We use the str function to show a summary information about our data, including the number of variables and observations, the class types, variable names, and the first few values for each of the variables. Then we use the kable and head functions to display a portion of our data in a cleaned and condensed format.

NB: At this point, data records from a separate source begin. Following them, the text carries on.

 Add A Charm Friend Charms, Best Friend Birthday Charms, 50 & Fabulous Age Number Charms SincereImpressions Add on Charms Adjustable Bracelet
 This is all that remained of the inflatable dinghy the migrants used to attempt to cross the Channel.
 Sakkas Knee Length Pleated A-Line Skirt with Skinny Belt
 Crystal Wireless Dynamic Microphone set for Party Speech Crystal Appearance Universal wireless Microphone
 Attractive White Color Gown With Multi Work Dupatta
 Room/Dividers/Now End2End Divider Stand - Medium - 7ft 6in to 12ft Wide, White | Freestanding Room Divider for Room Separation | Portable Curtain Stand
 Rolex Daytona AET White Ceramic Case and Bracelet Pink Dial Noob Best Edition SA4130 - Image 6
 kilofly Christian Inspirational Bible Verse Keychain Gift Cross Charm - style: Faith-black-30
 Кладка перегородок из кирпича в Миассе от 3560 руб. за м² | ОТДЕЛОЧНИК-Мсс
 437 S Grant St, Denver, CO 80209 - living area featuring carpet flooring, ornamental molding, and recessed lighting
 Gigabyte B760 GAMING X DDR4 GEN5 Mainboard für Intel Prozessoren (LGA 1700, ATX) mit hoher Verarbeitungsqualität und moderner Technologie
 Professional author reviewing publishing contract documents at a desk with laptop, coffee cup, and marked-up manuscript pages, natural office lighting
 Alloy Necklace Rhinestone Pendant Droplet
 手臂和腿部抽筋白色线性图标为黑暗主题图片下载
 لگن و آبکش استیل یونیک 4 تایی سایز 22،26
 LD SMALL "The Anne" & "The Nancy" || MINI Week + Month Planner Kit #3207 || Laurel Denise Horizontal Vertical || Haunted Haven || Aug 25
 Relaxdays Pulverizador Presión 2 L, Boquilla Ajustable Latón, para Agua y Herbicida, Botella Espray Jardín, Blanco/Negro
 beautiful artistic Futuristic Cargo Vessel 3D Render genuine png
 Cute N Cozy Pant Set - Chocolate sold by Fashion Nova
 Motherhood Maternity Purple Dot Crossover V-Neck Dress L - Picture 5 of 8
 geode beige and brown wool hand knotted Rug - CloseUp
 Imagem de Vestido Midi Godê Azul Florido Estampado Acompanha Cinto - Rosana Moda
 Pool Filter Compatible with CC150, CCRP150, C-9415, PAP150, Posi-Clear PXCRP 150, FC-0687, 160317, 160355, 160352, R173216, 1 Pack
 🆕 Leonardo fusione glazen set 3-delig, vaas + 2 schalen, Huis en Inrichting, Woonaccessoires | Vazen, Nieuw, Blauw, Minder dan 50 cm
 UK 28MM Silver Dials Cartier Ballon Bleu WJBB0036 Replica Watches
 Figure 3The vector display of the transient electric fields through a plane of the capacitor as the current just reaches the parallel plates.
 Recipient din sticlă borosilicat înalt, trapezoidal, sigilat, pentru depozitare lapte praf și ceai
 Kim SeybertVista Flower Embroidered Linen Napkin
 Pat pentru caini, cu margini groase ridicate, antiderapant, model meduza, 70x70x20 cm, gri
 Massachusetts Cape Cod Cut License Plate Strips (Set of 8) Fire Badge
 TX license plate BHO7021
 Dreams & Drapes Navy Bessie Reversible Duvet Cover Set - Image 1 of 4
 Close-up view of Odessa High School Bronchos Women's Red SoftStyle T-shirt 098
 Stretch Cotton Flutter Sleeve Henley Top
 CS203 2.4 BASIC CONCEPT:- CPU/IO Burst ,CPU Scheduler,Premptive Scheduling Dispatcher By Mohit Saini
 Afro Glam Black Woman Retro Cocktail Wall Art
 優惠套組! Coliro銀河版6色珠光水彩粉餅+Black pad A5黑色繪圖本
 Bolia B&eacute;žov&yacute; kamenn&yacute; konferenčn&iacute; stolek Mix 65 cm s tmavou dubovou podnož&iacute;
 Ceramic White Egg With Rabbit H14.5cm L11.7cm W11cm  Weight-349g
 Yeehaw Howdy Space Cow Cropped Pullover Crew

Our final dataset for use moving forward is a set with 209 observations and 28 variables. There are variables that help us identify descriptive information of each vehicle, such as year for the model year, make and model for the maker and the model name, VClass for vehicle class that shows type of vehicle, drive distinguishing the type of drivetrain, and evMotor describing special aspects of some of the motors used for the EVs. Most of the rest of the variables are metrics that determine performance. Variables of note here include cityE and hwyE, which denote city and highway electricity consumption in kw-hrs/100 miles for each vehicle respectively; range, denoting EPA range of vehicle; and charge240, which is time to charge an electric vehicle in hours at 240 V. While these are our primary variables of interest, the other variables may prove to be interesting to explore as we make our way through data analysis, and thus we are keeping them in.

EXPLORATORY DATA ANALYSIS

Range and Charge Time by Year

Our primary interest lies within both the range and charge240 variables. We’ll start by looking at range and charge240 over time; we are interested first in seeing if there have been significant technological improvements over time as the prevalence of EV research and development has grown in recent years.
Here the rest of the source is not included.